D.C. firefighters and emergency responders may soon follow the lead of police and encrpyt their radio communications.
Andrew W. Sieber (http://www.flickr.com/photos/smartjunco/186893581/)
D.C. firefighters and emergency responders may soon follow the lead of police and encrpyt their radio communications.

D.C. Fire and EMS is considering encrypting its radio broadcasts starting in 2014, said Deputy Mayor for Public Safety and Justice Paul Quander this morning.

Quander said that he was debating the move in the wake of September's Navy Yard shootings, though he did not specify how the response to that incident was affected by open radio broadcasts, which can be streamed online or using phone-based apps.

A spokesman with the fire department said he was unaware of any plans, but Keith St. Clair, Quander's spokesman, said that the encryption of radios would be among the recommendations in the Navy Yard After-Action report, which has yet to be published.

"FEMS radio traffic related to the Navy Yard shootings was being broadcast live on the Internet," said St. Clair. "That sort of access to tactical information could result in an even more dangerous situation for emergency responders and the public."

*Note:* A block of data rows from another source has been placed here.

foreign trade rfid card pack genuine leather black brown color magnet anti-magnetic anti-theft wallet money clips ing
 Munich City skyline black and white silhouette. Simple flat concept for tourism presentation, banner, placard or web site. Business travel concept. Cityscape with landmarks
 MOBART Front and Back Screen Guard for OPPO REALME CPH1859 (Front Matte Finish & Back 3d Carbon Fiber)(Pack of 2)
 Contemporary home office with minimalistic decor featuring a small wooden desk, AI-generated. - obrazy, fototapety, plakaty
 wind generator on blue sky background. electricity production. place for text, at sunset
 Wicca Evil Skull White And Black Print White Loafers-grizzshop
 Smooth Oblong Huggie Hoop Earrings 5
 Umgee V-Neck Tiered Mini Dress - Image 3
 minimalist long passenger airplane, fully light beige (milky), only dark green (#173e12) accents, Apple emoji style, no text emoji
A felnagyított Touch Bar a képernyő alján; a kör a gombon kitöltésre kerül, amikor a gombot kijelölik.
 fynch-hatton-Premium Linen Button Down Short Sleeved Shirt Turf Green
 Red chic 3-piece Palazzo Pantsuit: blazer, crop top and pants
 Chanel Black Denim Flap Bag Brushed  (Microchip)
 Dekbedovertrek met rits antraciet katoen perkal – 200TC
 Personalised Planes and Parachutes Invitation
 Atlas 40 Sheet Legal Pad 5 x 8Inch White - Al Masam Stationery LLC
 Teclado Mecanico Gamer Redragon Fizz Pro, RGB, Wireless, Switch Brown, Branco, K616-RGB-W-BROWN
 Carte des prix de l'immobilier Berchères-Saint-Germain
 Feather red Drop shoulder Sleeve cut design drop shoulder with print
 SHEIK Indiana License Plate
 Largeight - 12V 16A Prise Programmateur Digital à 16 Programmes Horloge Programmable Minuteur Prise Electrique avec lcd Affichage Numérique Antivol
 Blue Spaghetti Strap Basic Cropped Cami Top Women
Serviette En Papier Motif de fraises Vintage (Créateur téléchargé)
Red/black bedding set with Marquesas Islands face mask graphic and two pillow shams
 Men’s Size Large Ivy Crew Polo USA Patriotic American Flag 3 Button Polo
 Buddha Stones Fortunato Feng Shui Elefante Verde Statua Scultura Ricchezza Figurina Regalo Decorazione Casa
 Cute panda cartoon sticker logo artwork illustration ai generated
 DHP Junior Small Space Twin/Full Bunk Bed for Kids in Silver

St. Clair did say that the decision isn't final, and that Quander would consider leaving basic radio broadcasts open while encrypting tactical channels.

In 2011 the Metropolitan Police Department encrypted its radios. In testimony that year, D.C. Police Chief Cathy Lanier said that the move was made to limit "broadcasting information that would endanger the safety and privacy of victims, witnesses, officers, and the public at large."